_TASK DIRECTIONS_
Everything from the line holding "Indulge | Oval" through the final line of the entries below is to be written out exactly, and nothing more; leave out pictures.

◆ ◆ ◆

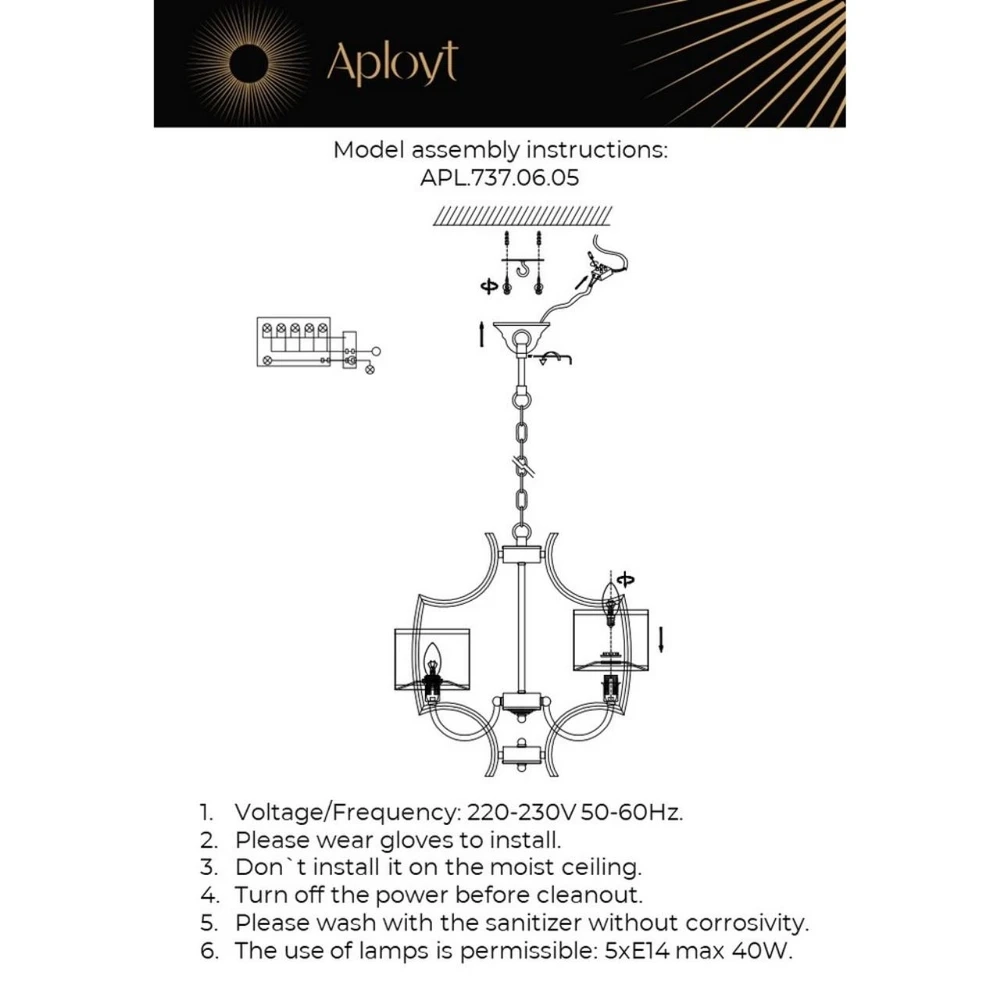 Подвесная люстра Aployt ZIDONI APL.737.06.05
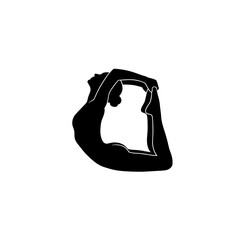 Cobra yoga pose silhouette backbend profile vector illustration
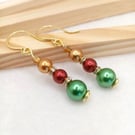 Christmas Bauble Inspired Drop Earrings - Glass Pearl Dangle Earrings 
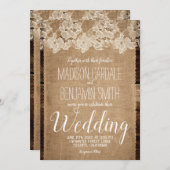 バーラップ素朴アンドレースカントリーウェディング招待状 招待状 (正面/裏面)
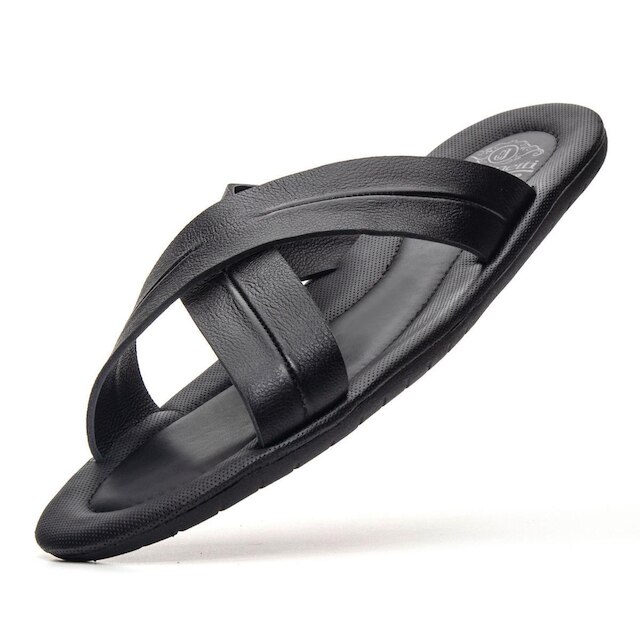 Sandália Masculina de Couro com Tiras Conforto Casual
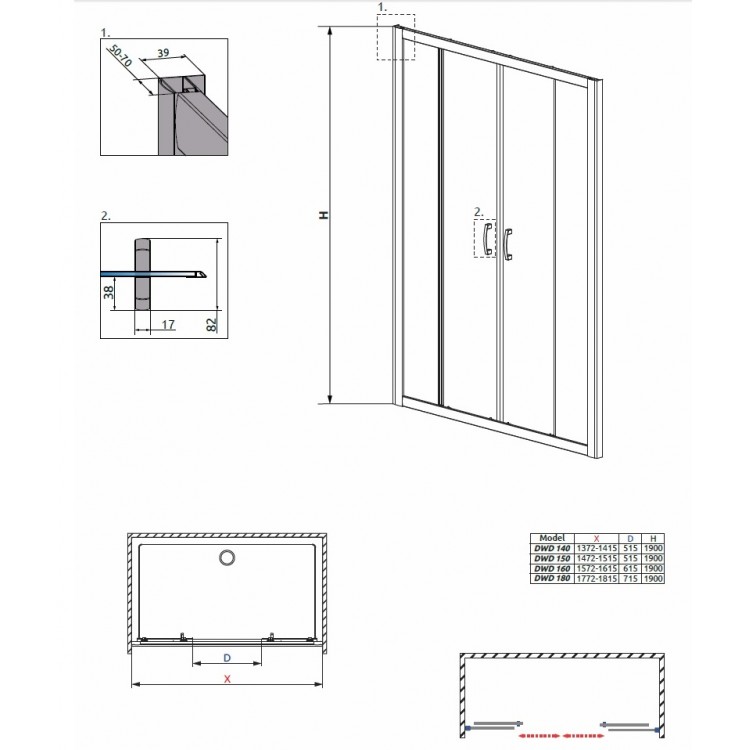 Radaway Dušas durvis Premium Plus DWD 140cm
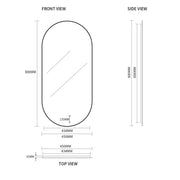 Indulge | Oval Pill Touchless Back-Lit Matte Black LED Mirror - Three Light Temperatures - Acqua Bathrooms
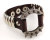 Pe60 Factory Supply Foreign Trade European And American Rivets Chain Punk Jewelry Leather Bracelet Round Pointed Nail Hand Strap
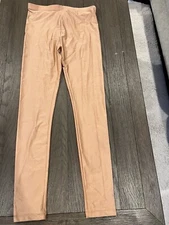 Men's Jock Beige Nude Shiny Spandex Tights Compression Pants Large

◆ ◆ ◆

_RESULT BELOW_
 Indulge | Oval Pill Touchless Back-Lit Matte Black LED Mirror - Three Light Temperatures - Acqua Bathrooms
 Pe60 Factory Supply Foreign Trade European And American Rivets Chain Punk Jewelry Leather Bracelet Round Pointed Nail Hand Strap
 Men's Jock Beige Nude Shiny Spandex Tights Compression Pants Large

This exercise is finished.